An Evening with Jose Antonio Vargas

Brought to Syracuse University on Thursday, March 28th, 2019, by the Delta Beta Executive Chapter of the Kappa Alpha Psi fraternity, Jose Antonio Vargas spoke up as a part of the organization’s “Executive Series” about his personal life and activism regarding marginalized and undocumented communities.

Vargas is a renowned journalist with work in a number of well known publications. During his time at  The Washington Post, he won a Pulitzer Prize for his work covering the Virginia Tech shootings. He came out to declare and examine his undocumented status in a 2011 New York Times Magazine article named My Life as an Undocumented Immigrant. That same year, he founded his own nonprofit organization, Define American, to educate the public about immigration issues. In addition, he directed an MTV documentary titled White People in 2015. In 2018, he published his own memoir, Dear America: Notes of an Undocumented Citizen, documenting his life and personal struggles. Currently, he is working on a sequel to White People, called Straight White Guys.
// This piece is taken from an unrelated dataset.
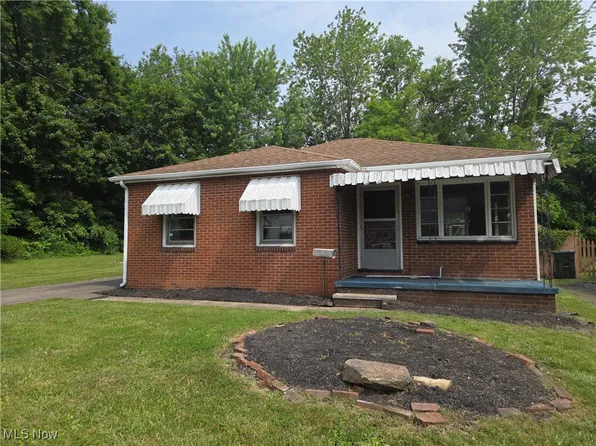 1321 Vermont Pl NE, Canton, OH 44714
Born in the Philippines and brought to America at the age of 12, Jose Antonio Vargas has worked hard to make a name for himself as a prominent journalist. In the public eye, Vargas was a success with what seemed to be a flourishing career. He held many highly coveted journalism internships, went on to work at prestigious news organizations, and interviewed countless VIPs such as Mark Zuckerberg. There was only one secret: he is an undocumented immigrant.

For most of his childhood, he lived life like a normal American. It was only when he tried to apply for a California driver’s license at 16 that he found out his “legal” papers were not so legal after all. Many words of condemnation came to his head, “illegal” and “undocumented,” as he tried to make sense of it all. In attempting to reconcile past lies, he spiraled into an identity crisis and found it hard to trust other people after that.

Fast forward a few years, with the help of his high school teachers, Vargas went on to pursue a career in journalism. He loved the idea of having a byline, a name on printed paper; it was his way of telling the world that he was here and unafraid. Vargas thought to himself: If I work hard enough, maybe I can somehow earn my citizenship in America.

Additionally, he spoke about the importance of public libraries and the impact that his local library had on him growing up. This was where he learned about artists and authors of color, such as James Baldwin and Toni Morrison. After reading Morrison’s The Bluest Eye, he asked himself: Why is this black female main character disappointed by how she looks and why did she want blue eyes? It dawned on him that she wrote this book to show what it means to surrender to the master narrative, the fact that white people in power socially construct this idea of segregation, de jure or de facto. “Legality is a construct of power,” Vargas declares.

As he continued to work his way up in the journalism industry, he found different kinds of family: friends, mentors, and colleagues. He stated that: “When you don’t have a family, you create a new family.” These are the kinds of people to whom he credits a lot of his success today.

After his presentation at Syracuse, I asked Vargas, “What has been your greatest challenge and biggest reward since creating Define American?” to which he replied “My greatest challenge is balance, and my greatest reward is being free to do whatever I please that promotes this important issue and help others.” Then, I wondered aloud to him that he has been afraid for most of his life, and now he says he is not so much anymore. I asked him, “What made you stop being afraid?” Immediately, he brought himself back to 2014, when he was arrested and detained in Texas. He was kept for eight hours in a room with young boys from ages 8-16 years old. After he was released, he thought to himself: If that’s the worst thing the government can do to me, then this government can’t hurt me more than I hurt myself. I have the power.

There are 800,000 DACA recipients, 11 million undocumented immigrants, and 43 million total immigrants in America. What does it mean to be undocumented in America? Does it mean one must have the legal documents to be in America, or does it mean something more? Is being undocumented the ability to work, to buy a home, to have a driver’s license? Or, is being undocumented the notion of being a contributing member of society? What is a home, and what happens if the only home you recognize is not legally your home? Without the right of abode, do you have a home at all? These are the kinds of questions that Jose Antonio Vargas has pondered his whole life.

Despite everything the government has taken away from him, like his mother who he hasn’t seen in over 20 years, Vargas confidently declares: “What they can never do is take away what I’m going to do. My work will always stand on its own, and that’s its own kind of freedom.”